WORK REQUIRED:
Starting with the line that contains "Begonia Maculata polka" and ending with the last line of the entries, repeat exactly those lines and nothing else, pictures excluded.

Scraped caption text data

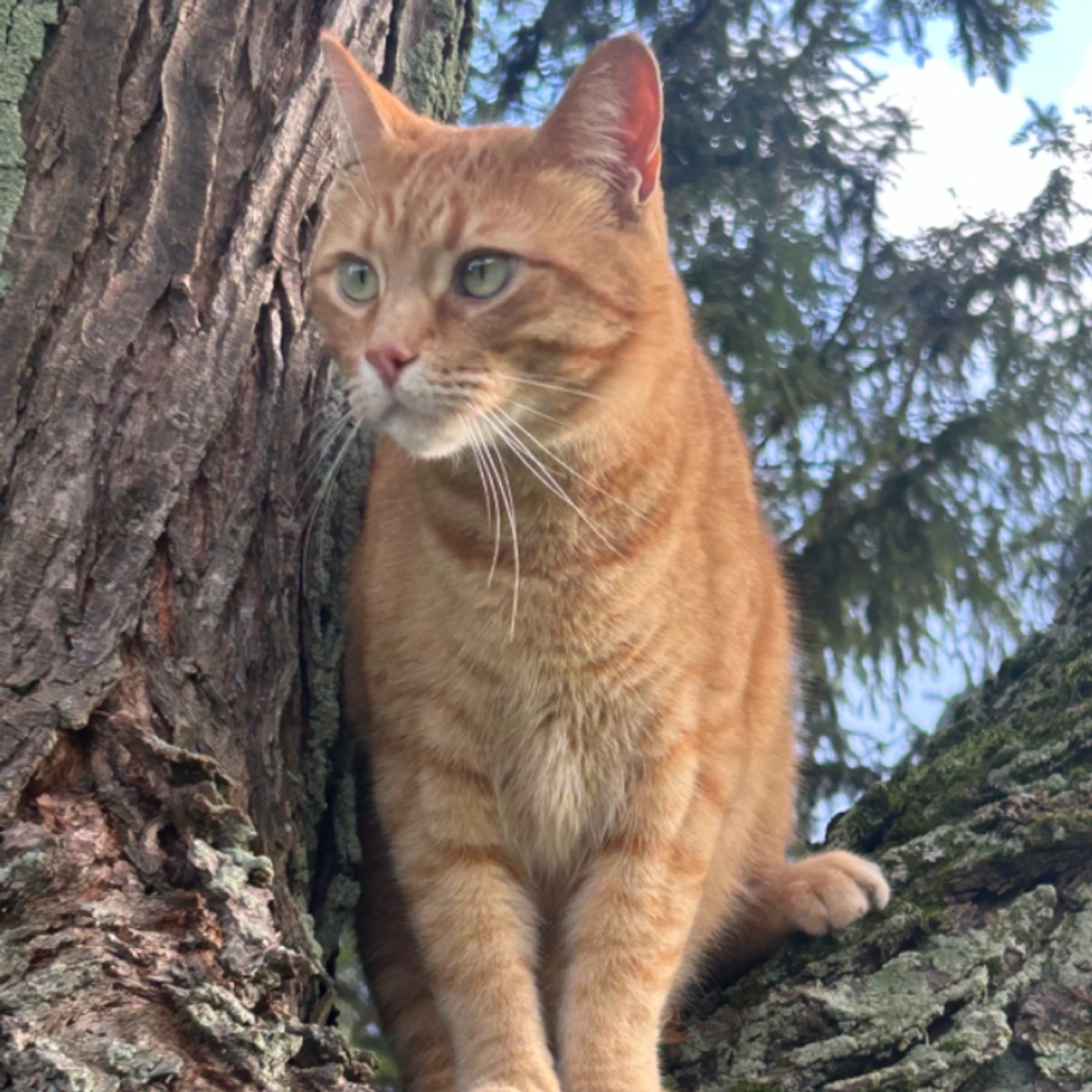 Lost pet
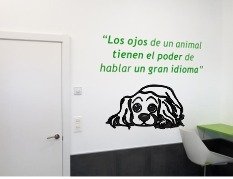 Cachorro Beagle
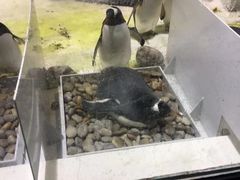 -大连圣亚海洋世界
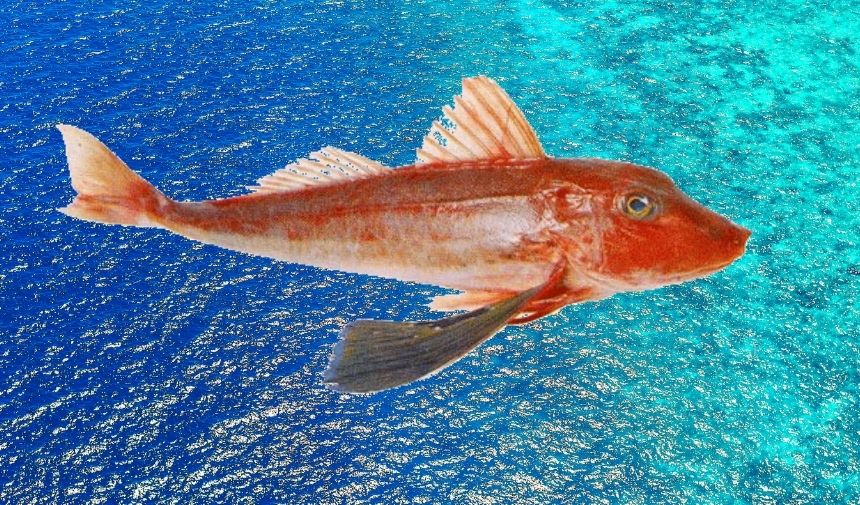 Zehirli Balık Türleri Nelerdir Balığın Zehirli Olduğu Nasıl Anlaşılır (9)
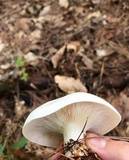 Clitocybe robusta image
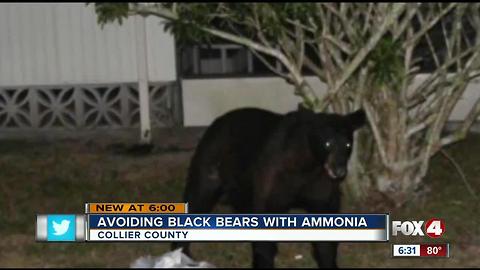 Collier man has cheap solution to bears getting in trash: use ammonia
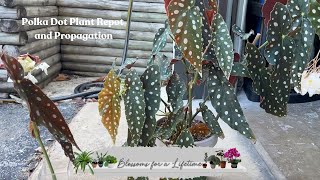 Begonia Maculata polka dot plant repot and propagation 🌿  update on how its going [upl. by Madid]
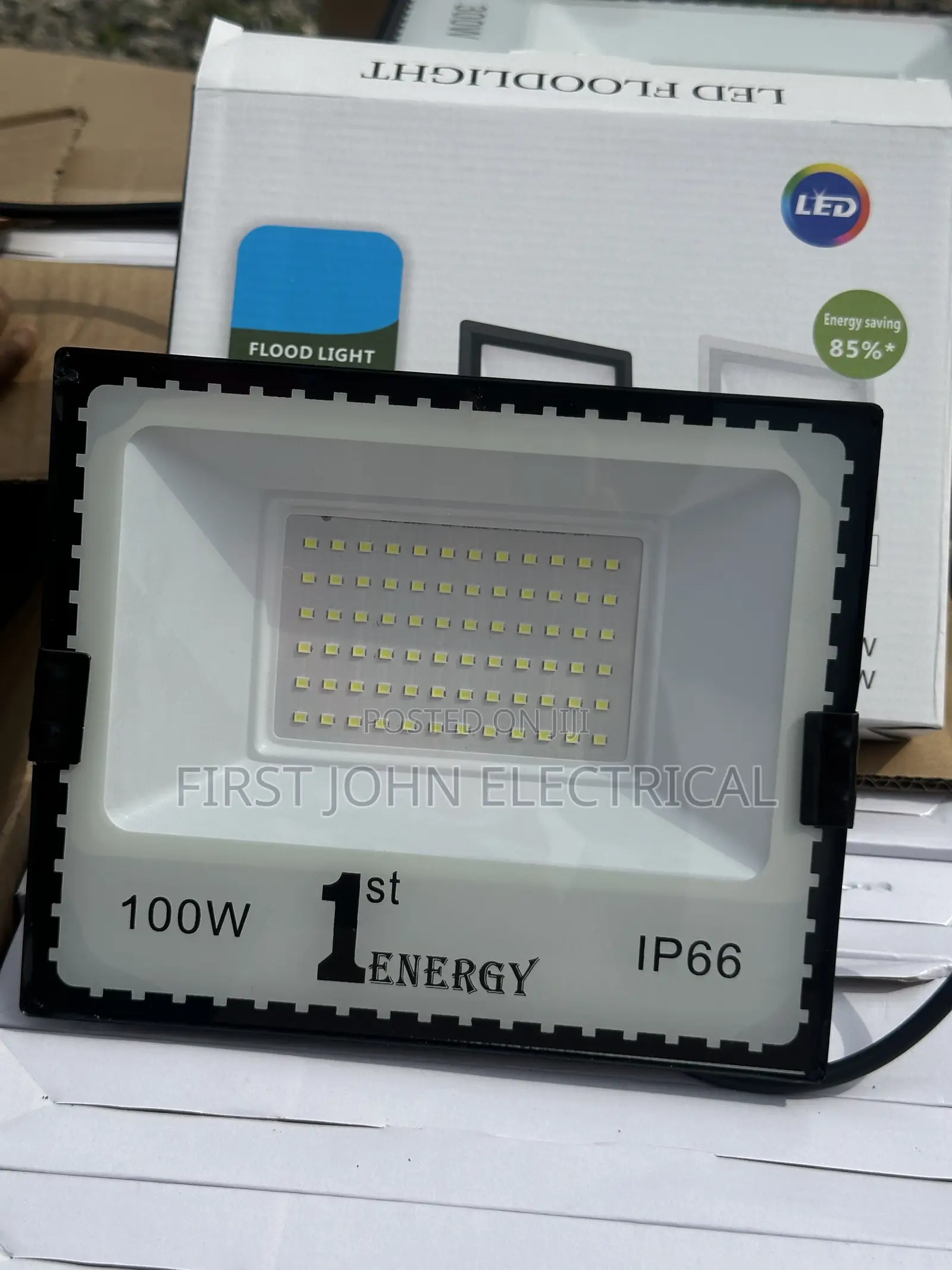 100 Watt Flood Light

RESPONSE TO THIS EXERCISE:
 Begonia Maculata polka dot plant repot and propagation 🌿  update on how its going [upl. by Madid]
 100 Watt Flood Light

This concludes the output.